Si tratta di un’azione scenica in due atti, su libretto del compositore stesso, che, come recita il sottotitolo, è incentrata sulla vana attesa di quello che può esserne considerato il protagonista, assente in persona, ma ben presente nei discorsi dei personaggi che si trovano sulla scena e nelle evocazioni di cui è cosparsa la partitura: Alessandro Stradella (1639 – 1682), compositore geniale dalla vita turbolenta, tragicamente conclusasi a Genova nel corso di una rissa i cui contorni non sono mai stati del tutto chiariti, la cui burrascosa biografia aveva già ispirato compositori di rilievo quali Friedrich von Flotow e César Frank, oltre a nomi di secondo piano come lo svizzero Louis Abraham de Niedermeyer (1802 – 1861), il tedesco Adolf Schimon (1820 – 1887)  e l’italiano Giuseppe Sinico (1836 – 1907).

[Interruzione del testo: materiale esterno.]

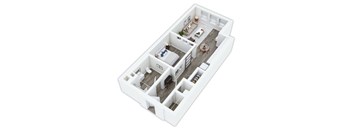A white model of a house with multiple rooms and furniture.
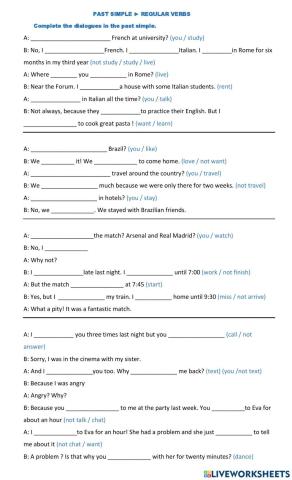 Simple past regular verbs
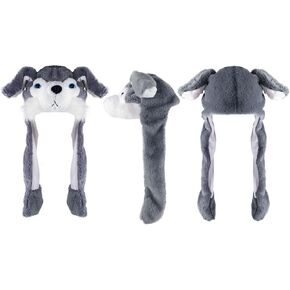 Super Z Outlet Animal Cute Plush Animal Winter Ski Hat Beanie Aviator Style Winter with Long Glove Ear Flaps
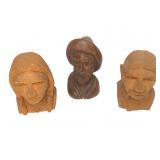 3 Carved Wood Busts Signed Don Edwards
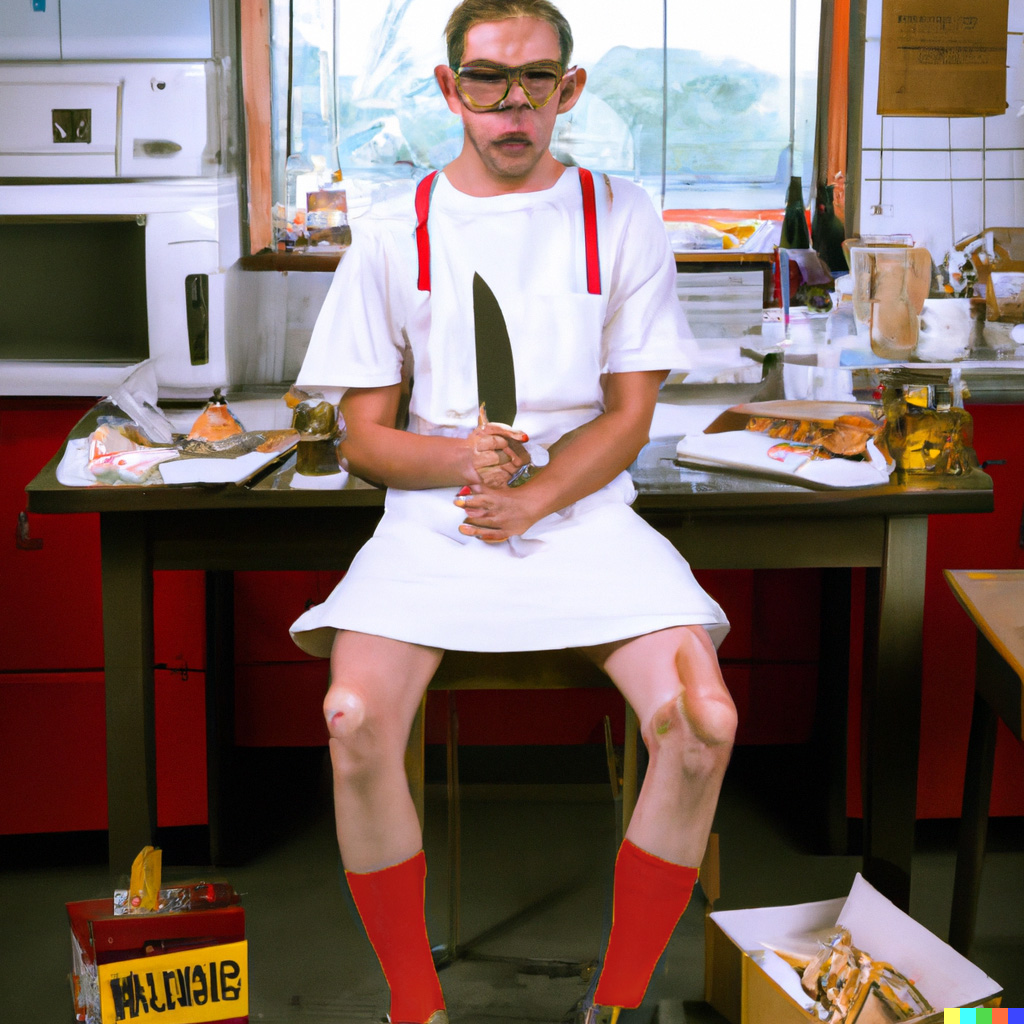 A movie poster of a young chef wearing golden framed glasses, shorts, long red socks and a white t-shirt, and holding a knife sitting on a table in a small messed up restaurant kitchen, mise en scène par labs.openai.com, nachbearbeitet.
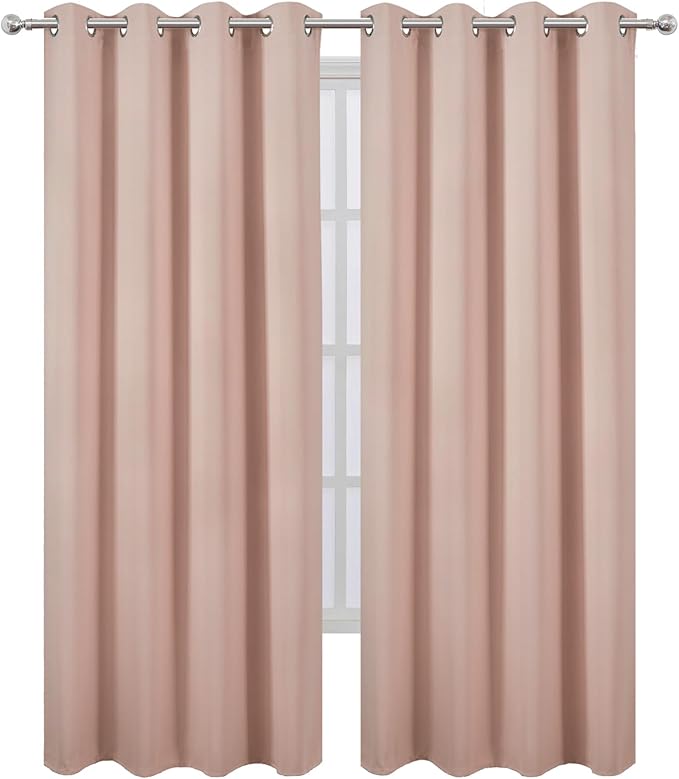 LEMOMO Blackout Curtains 52 x 90 inches Long Blush Curtains Set of 2 Panels - Image 2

L’essere sostanzialmente un autodidatta, l’avere preso le distanze dalle neoavanguardie del secondo Novecento e l’approfondito lavoro di ricerca e rivisitazione compiuto sui grandi archetipi musicali del passato fanno di Sciarrino un compositore singolare nel senso etimologico del termine, il che ne condiziona l’ascolto a un’assoluta libertà da schemi pregiudiziali. E, in effetti, Sciarrino concepisce ogni sua composizione come un “dramma dell’ascolto” in cui l’intenso lavoro operato dal musicista sulla percezione fa sì che l’ascoltatore sia anche attore in quanto impegnato, appunto, nell’atto dell’ascolto. Ecco perché un giudizio oggettivo sulla sua opera è praticamente impossibile, in quanto la percezione individuale modifica l’opera nel momento stesso in cui essa viene, appunto, percepita. Parlando quindi a titolo del tutto personale, posso affermare di avere particolarmente apprezzato il secondo atto, nel corso del quale ho avvertito la crescente tensione dell’attesa di colui che è protagonista in quanto costantemente presente nei discorsi dei personaggi e nelle citazioni musicali.
 
Nel contempo, mi è giunto anche un senso di distacco emotivo, come se i presenti in scena non fossero mai del tutto convinti dell’arrivo del personaggio tanto atteso e, in qualche modo, prevedessero il tragico epilogo. Ma si tratta, naturalmente, della mia reazione in quel momento in quanto “attrice dell’ascolto”. Per una approfondita e motivata analisi rimando quindi al saggio di Enzo Restagno all’interno del programma di sala.
 
Ben più oggettivamente si può invece parlare dell’esecuzione, che ha visto i cantanti impegnati in ruoli asperrimi sul piano tecnico e musicale: la nutrita compagine – di cui facevano parte anche allievi dell’Accademia scaligera e del Conservatorio “Giuseppe Verdi” -  era composta da Laura Aikin (la Cantatrice), Charles Workman (il Musico), Otto Katzameier (il Letterato), e poi Sónia Grané, Lena Haselmann, Thomas Lichtenecker, Christian Oldenburg, Emanuele Cordaro. L’orchestra della Scala era guidata da Maxime Pascal, giovane direttore particolarmente indicato per questa occasione in quanto con il gruppo Le Balcon, di cui è fra i fondatori, persegue una visione performativa della musica che coinvolge integralmente lo spettatore, sposando quindi perfettamente l’estetica sciarriniana.